For three decades, generations of “Kinomans,” or fans of the St. Petersburg rock band Kino, dressed in black, rolled up their sleeves and played guitars wishing to look and sound as brave, open-minded and honest as Viktor Tsoi, the band’s leader and an idol of Perestroika. Their hero died young in a car crash in 1990 at age 28, but his spirit lived on without any threat from Russian officialdom. In the minds of his millions of admirers he was as immune to insult as Jim Morrison or Kurt Cobain.
But now, in a Russia where history once again is being rewritten Soviet style, we are hearing reports that unidentified former KGB agents and members of the ruling United Russia party claim it wasn’t Tsoi himself writing his lyrics back in the 1980s. Apparently it was, yes, those ubiquitous Americans always bent on corrupting Mother Russia.
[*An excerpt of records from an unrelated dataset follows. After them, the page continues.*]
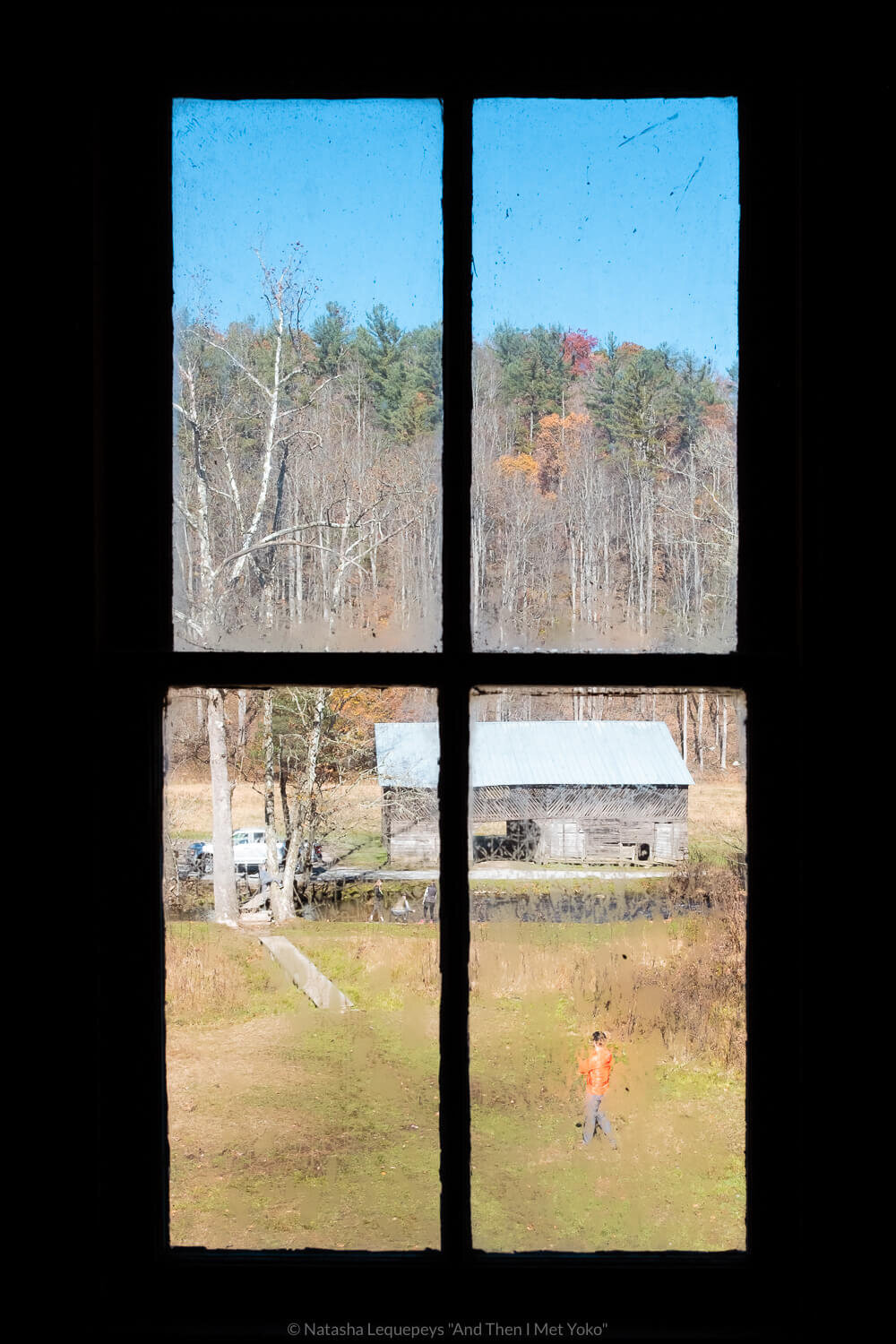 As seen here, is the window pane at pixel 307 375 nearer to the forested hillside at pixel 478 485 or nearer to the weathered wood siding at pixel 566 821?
the forested hillside at pixel 478 485

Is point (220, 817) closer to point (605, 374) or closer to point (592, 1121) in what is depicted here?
point (592, 1121)

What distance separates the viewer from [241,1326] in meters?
0.95

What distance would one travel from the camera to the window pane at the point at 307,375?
101 centimetres

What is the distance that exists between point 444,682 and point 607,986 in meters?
0.37

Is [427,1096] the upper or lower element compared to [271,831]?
lower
Tsoi’s fans are mostly bemused. The claim is “absurd,” prominent music critic Artem Troitsky tells the Daily Beast. “It made me laugh and see in its absurdity the upcoming end of this government – hypocrites and liars, they are doing everything to make people hate them.” But the denunciations fit into a pattern that’s important to the confrontation between Vladimir Putin’s KGB-rooted Kremlin and the West.
United Russia parliament member Sergei Fyodorov sees the upheaval of vast economic restructuring and growing personal freedoms that came under the rubric Perestroika as a Western plot. After all didn’t it precipitate the break-up of the Soviet Union? Today, few or none of those in the Putin circle will admit what was obvious then: the old empire was crumbling under its own leaden weight. They insist that Perestroika was conducted “the same way they just did it in Ukraine – they sew together thousands of factors with their Orange Revolution threats.”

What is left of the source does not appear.